Just as there is a fixed supply of gold on Earth, the anonymous founder of bitcoin fixed its supply at 21 million coins. In that sense, bitcoin mining is similar to a digital gold rush. Just as every gold rush ends, bitcoin mining will end one day (likely in about a century). Except you can't just sift through river water with a pan to find bitcoin. You need expensive, specialized equipment to mine it. And that equipment consumes a lot of energy.

The University of Cambridge maintains a running tracker called the Cambridge Bitcoin Electricity Consumption Index, which estimates global bitcoin energy consumption. Recent estimates peg annual usage at 142 Terawatt-hours (TWh) of energy per year, which is about a seven-fold increase over 2015. That's comparable to gold mining, which uses 131 TWh.

142 TWh is a vast amount of energy. It's more than what many entire countries use, like Norway, Sweden, and Argentina. And a cryptocurrency analytics website called Digiconomist estimates that bitcoin mining consumes 204.5 Terawatt-hours of energy per year. Only 20 countries use more power than that. It uses about 1% of global electricity production and 0.5% of global energy production.

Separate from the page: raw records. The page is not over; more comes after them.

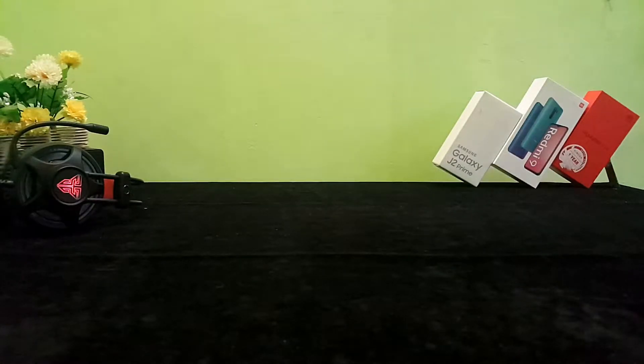Hello everyone, welcome to the YouTube channel. Today we are going to talk about the video series of budget gaming devices.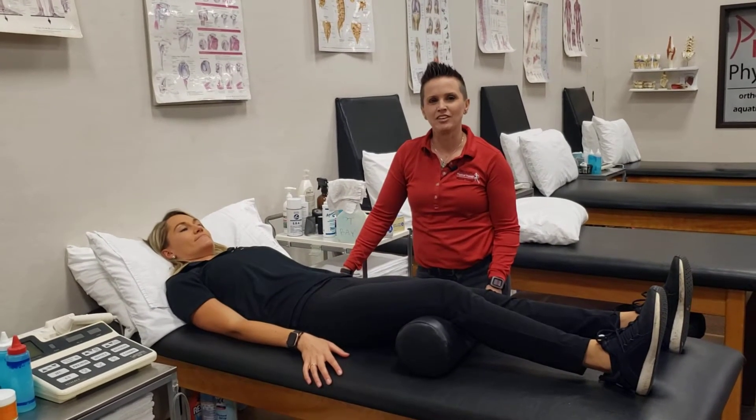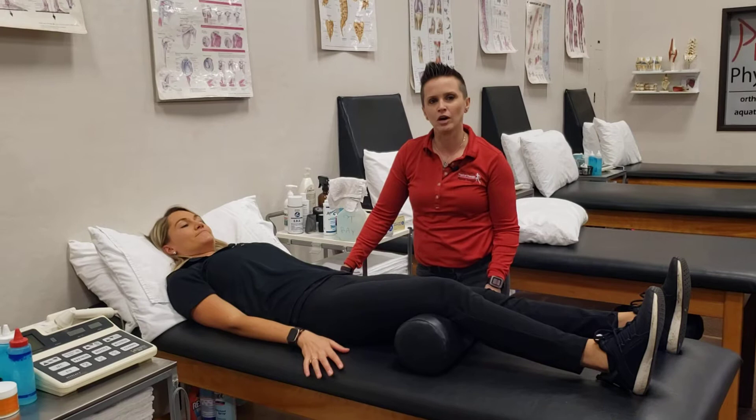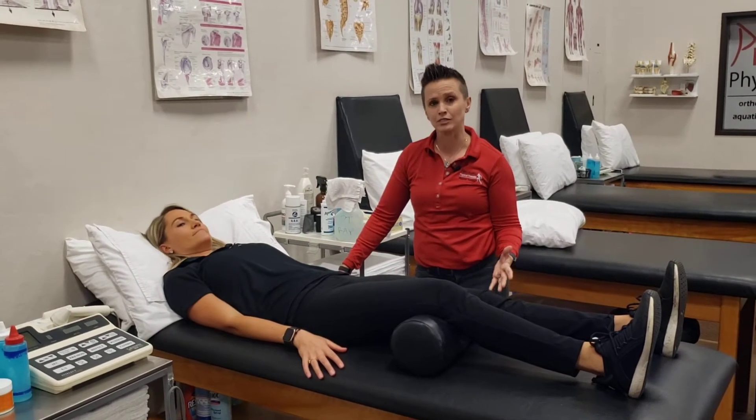Dr. Sarah with Prechette Physical Therapy, and today Carly and I are going to show you a short arc quad exercise. That's a great exercise for knee pain and knee dysfunction.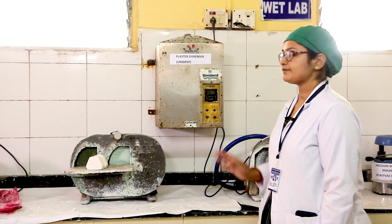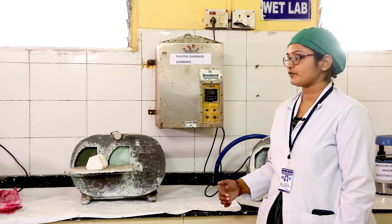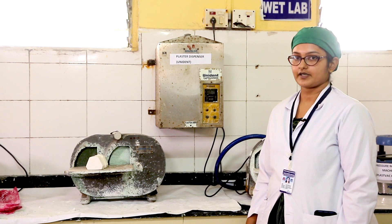This unit is a plaster dispenser. Here the dental plaster, from which the model is made, is stored to prevent any moisture contamination.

Additionally, since a huge chunk of bitcoin mining is powered by fossil fuels, those transactions generate major greenhouse gas emissions. Digiconomist estimates bitcoin's annual carbon dioxide footprint at 114 megatons, comparable to the annual emissions of the Czech Republic. And the estimated electronic waste footprint clocks in at 34 kilotons, comparable to the annual IT small equipment waste of the Netherlands.

Going off of Digiconomist's estimates, each bitcoin transaction might use around 2,131 kilowatt-hours of electricity. That's as much as a typical American household uses over roughly two and a half months. Each transaction, on average, emits over a ton of carbon dioxide, comparable to nearly 3 million Visa credit card transactions or 200,000 hours of YouTube viewing. And each transaction generates about a third of a kilogram of electronic waste, which is roughly the mass of two iPhone 12s.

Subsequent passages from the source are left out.